START Given data

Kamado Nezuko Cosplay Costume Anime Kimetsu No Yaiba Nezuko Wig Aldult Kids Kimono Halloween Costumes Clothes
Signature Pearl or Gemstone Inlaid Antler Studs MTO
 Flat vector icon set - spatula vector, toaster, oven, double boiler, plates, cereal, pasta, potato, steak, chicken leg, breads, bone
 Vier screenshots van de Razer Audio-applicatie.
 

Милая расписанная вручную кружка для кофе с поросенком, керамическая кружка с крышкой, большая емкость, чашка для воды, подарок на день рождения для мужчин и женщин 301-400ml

END Given data

#### Task statement:
Please repeat the entries above exactly as they read.

#### Task result:
Kamado Nezuko Cosplay Costume Anime Kimetsu No Yaiba Nezuko Wig Aldult Kids Kimono Halloween Costumes Clothes
Signature Pearl or Gemstone Inlaid Antler Studs MTO
 Flat vector icon set - spatula vector, toaster, oven, double boiler, plates, cereal, pasta, potato, steak, chicken leg, breads, bone
 Vier screenshots van de Razer Audio-applicatie.
 

Милая расписанная вручную кружка для кофе с поросенком, керамическая кружка с крышкой, большая емкость, чашка для воды, подарок на день рождения для мужчин и женщин 301-400ml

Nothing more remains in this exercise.